In Yemen, at least 11 civilians were killed in a 24-hour period in separate airstrikes by the U.S.-backed, Saudi-led coalition. In the first attack, an airstrike hit a home in Yemen’s northern province of Saada late Wednesday, killing five people inside. This is eyewitness Abdallah al-Fasly.
Abdallah al-Fasly: “We heard the sound of missiles at 2 a.m., but we didn’t expect that it was a strike. We went outside to investigate and found it had hit this building here. We waited for a little bit and then entered the building. What we saw inside was painful, something that would make you hate yourself. We saw children underneath the rubble.”
In a second assault, bombs ripped through a residential area of the capital Sana’a early Thursday, killing a family of four and two other civilians. The killings come as the U.S. continues to support the Saudi-led coalition in its war on Yemen’s Houthi rebels, and after The New York Times reported that U.S. Army Green Berets secretly deployed to Yemen late last year. Saudi-led airstrikes have devastated Yemen’s health, water and sanitation systems, sparking a massive cholera outbreak—leading to more than a million cases—and pushing millions of Yemenis to the brink of starvation.

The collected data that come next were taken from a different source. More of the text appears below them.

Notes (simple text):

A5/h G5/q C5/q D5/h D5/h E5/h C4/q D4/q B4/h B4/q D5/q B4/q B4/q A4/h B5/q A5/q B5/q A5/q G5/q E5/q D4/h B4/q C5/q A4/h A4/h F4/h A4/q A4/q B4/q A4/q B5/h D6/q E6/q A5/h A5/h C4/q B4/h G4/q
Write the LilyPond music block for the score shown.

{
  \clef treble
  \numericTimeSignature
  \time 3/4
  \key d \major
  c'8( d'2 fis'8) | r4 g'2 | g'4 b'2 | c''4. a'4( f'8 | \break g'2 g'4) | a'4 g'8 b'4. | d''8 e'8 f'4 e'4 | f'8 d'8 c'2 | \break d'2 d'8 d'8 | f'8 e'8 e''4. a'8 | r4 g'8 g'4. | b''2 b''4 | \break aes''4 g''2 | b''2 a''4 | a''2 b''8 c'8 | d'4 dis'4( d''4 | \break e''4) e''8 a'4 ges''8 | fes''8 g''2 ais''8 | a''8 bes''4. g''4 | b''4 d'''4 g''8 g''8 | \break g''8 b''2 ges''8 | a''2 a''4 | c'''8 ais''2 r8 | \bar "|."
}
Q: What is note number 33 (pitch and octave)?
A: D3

Former Vice President Dick Cheney said Thursday that the U.S. should restart torture interrogation tactics, telling a Fox Business Network anchor, “If it were my call, I’d do it again.”
Dick Cheney: “If it were my call, I would not discontinue those programs. I’d have them active and ready to go. And I’d go back and study them and learn.”

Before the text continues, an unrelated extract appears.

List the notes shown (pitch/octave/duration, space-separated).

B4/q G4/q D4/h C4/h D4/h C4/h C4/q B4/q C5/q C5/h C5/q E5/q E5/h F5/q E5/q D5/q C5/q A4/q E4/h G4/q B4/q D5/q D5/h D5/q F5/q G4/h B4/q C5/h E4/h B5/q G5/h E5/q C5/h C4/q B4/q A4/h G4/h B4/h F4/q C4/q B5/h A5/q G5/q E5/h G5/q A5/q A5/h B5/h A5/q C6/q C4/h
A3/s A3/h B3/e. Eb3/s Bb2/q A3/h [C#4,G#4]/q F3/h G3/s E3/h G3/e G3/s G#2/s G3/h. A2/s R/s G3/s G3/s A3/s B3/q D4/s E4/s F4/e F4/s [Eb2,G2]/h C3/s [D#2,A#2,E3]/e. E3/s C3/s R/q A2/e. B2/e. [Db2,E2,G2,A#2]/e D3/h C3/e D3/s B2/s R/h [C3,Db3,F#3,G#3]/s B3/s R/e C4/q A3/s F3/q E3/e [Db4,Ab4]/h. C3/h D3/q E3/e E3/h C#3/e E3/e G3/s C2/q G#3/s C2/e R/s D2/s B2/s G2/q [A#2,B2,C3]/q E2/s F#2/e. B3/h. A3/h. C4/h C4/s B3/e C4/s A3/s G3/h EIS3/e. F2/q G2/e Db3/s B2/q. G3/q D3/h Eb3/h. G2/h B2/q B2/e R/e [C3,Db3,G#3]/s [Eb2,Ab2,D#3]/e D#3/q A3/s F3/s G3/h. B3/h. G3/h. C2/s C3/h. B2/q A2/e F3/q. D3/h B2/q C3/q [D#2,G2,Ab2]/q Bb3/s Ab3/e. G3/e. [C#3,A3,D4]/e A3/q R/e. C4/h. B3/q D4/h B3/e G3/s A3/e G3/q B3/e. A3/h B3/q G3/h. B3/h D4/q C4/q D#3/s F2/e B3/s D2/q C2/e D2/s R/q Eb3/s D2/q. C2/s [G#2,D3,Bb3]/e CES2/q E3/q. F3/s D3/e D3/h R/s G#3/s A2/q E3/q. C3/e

Cheney’s comment comes a day after President Trump’s nominee to head the CIA, Gina Haspel, repeatedly refused Wednesday to call the CIA’s post-9/11 treatment of prisoners “torture,” and declined to state whether she believes torture is immoral. Haspel’s prospects for confirmation remain in doubt, after Republican senators Rand Paul of Kentucky and John McCain of Arizona issued statements opposing her nomination. McCain, who is battling stage IV brain cancer from his home in Arizona, is a former prisoner of war who was tortured by his Vietnamese captors in the 1960s and '70s. On Twitter, he wrote, “[Haspel's] role in overseeing the use of torture is disturbing & her refusal to acknowledge torture’s immorality is disqualifying.” McCain’s opposition set off a backlash among Republicans. This is Fox News military analyst Thomas McInerney, speaking on Fox Business Network Thursday.
Thomas McInerney: “The fact is, is John McCain—it worked on John. That’s why they call him 'Songbird John.' The fact is, is you—those methods can work, and they’re effective, as former Vice President Cheney said.”
Fox News later apologized, saying McInerney—who’s known for his “birther” and anti-Islamic statements—will no longer comment on the network. His comments came as The Hill newspaper reported that Kelly Sadler, a member of the White House communications team, dismissed McCain’s criticism of Gina Haspel, saying, “It doesn’t matter, he’s dying anyway.” In 2015, then-candidate Donald Trump mocked John McCain, saying, “He’s not a war hero. He’s a war hero because he was captured. I like people that weren’t captured.”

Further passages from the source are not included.